With the 'Cincinnati (not Dayton) Accord' signed and the US winding down its involvement in the Baltics, Burnett endures endless downtime with pilot buddy Stackhouse (Macht) on an aircraft carrier. Having incurred the wrath of the ship's commander (Hackman) with his complaints about lack of action and the drudgery of peacekeeping, Burnett is given a photographic mission over a demilitarised zone. But when Burnett coaxes Stackhouse to stray off the flight path, they discover evidence of Serb soldiers digging mass graves. Soon the F-18 is fired upon, forcing the US duo to eject and leaving Burnett with the fight of his life on his hands.

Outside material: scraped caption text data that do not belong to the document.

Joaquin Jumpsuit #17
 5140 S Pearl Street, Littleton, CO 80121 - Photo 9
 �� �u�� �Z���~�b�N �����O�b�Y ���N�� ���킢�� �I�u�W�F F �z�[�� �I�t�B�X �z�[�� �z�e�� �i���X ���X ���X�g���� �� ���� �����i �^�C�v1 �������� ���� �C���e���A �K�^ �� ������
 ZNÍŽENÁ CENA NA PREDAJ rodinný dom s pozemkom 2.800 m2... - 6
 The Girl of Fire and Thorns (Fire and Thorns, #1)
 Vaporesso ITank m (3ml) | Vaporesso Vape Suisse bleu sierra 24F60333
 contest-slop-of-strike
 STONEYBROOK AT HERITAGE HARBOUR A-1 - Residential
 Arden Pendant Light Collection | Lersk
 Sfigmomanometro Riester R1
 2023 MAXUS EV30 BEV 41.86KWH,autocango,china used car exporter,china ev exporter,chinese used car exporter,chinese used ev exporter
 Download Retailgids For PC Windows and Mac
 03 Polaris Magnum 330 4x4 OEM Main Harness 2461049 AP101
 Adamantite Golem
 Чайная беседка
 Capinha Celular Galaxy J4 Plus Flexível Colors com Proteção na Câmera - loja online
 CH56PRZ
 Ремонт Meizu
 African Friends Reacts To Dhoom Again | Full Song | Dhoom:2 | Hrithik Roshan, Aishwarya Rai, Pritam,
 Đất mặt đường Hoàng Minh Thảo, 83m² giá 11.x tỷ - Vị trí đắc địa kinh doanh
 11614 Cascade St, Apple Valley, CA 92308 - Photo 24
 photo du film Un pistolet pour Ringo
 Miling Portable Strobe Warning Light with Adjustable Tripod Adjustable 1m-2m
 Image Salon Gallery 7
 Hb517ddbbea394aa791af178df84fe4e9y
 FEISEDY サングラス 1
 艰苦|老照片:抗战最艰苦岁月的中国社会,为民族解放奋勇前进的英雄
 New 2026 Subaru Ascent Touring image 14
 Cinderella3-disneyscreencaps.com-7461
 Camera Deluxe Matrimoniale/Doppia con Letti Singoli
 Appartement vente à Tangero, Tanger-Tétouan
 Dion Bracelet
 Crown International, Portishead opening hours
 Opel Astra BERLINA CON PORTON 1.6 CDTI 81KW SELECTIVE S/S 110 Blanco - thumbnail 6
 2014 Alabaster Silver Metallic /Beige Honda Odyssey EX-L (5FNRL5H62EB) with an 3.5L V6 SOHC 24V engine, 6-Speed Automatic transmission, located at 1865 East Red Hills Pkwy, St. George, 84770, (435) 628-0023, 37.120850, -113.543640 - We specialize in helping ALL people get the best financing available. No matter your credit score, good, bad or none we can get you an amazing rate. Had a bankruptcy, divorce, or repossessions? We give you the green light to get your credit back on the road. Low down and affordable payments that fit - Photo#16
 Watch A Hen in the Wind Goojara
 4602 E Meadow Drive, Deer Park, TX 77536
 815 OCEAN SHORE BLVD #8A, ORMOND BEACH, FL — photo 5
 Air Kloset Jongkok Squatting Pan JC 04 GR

Those expecting a gritty look at the horrors and compromises of combat would be better served renting the likes of 'Cross of Iron' or 'Full Metal Jacket'. With its insufferable use of rock music in its opening stages, a rogue pilot who becomes a hero and stern jawed sentiments all round, 'Behind Enemy Lines' plays more like a recruitment video for the US military than any serious examination of conflict.

Wilson may - admirably - underplay his role, but you never sense that he's in any real danger: surviving shootouts that would make the A-Team consider a career change and being lucky enough to encounter guerrillas who love rap music and US soft drinks.

Where Moore deserves credit is for two thrilling sequences in Bosnia. The first finds the US crew playing hide and seek with surface to air missiles while the second finds Wilson's character hiding out in a war torn town. Manic, vicious and with stunning visuals, these scenes are the closest 'Behind Enemy Lines' gets to white knuckle hysteria, elsewhere it just runs on auto-pilot with Hackman's no nonsense Admiral putting the life of one man over an entire ceasefire and leading a fatality-free rescue mission.

A movie of its time but one unlikely to stand the test of it.